• WHAT YOU NEED TO DO: Filter the entries, keeping every line with the string "This".

• DATA RECORDS:

╭──

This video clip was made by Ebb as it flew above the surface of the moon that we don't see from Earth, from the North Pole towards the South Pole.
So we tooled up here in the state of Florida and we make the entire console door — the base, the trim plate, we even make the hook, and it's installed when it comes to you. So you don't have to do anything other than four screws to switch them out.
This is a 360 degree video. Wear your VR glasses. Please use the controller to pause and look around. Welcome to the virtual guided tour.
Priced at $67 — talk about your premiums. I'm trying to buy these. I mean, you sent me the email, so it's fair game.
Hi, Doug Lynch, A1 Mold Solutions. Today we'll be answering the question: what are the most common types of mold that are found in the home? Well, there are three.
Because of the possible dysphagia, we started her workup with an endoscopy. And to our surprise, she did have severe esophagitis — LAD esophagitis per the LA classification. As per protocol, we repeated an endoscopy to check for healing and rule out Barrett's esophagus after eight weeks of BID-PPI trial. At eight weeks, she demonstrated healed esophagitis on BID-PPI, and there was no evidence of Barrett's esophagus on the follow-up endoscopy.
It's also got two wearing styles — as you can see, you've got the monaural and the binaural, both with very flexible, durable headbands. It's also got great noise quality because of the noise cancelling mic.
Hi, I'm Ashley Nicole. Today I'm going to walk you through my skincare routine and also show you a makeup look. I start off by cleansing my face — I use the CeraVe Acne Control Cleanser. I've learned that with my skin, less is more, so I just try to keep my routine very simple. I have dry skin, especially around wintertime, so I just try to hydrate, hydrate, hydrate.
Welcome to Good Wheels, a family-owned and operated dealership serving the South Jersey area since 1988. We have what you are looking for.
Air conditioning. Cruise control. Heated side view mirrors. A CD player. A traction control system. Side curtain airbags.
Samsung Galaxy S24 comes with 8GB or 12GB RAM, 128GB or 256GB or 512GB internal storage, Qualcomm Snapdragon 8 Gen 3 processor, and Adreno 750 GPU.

╰──

• WRITTEN ANSWER:
This video clip was made by Ebb as it flew above the surface of the moon that we don't see from Earth, from the North Pole towards the South Pole.
This is a 360 degree video. Wear your VR glasses. Please use the controller to pause and look around. Welcome to the virtual guided tour.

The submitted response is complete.